Task statement:
The answer must be an exact copy of the records, with every picture left out.

[Records from a data collection]
= = = = = = =
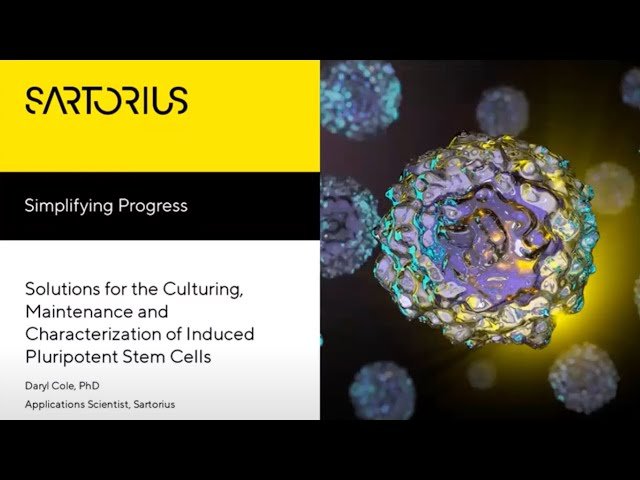 Solutions for the Culturing, Maintenance and Characterization of Induced Pluripotent Stem Cells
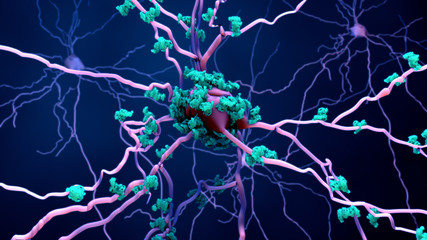 Death of neurons in the aging brain or Proteins in neurons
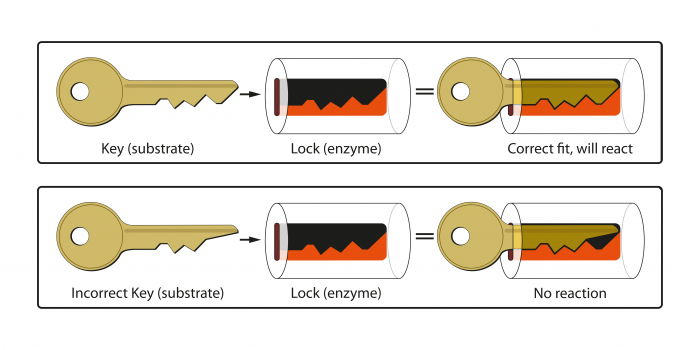 Lock and Key idea with enzymes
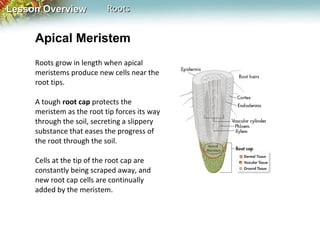 Lesson Overview

Roots

Apical Meristem
Roots grow in length when apical
meristems produce new cells near the
root tips.
A tough root cap protects the
meristem as the root tip forces its way
through the soil, secreting a slippery
substance that eases the progress of
the root through the soil.
Cells at the tip of the root cap are
constantly being scraped away, and
new root cap cells are continually
added by the meristem.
= = = = = = =
Response box:
 Solutions for the Culturing, Maintenance and Characterization of Induced Pluripotent Stem Cells
 Death of neurons in the aging brain or Proteins in neurons
 Lock and Key idea with enzymes
 Lesson Overview

Roots

Apical Meristem
Roots grow in length when apical
meristems produce new cells near the
root tips.
A tough root cap protects the
meristem as the root tip forces its way
through the soil, secreting a slippery
substance that eases the progress of
the root through the soil.
Cells at the tip of the root cap are
constantly being scraped away, and
new root cap cells are continually
added by the meristem.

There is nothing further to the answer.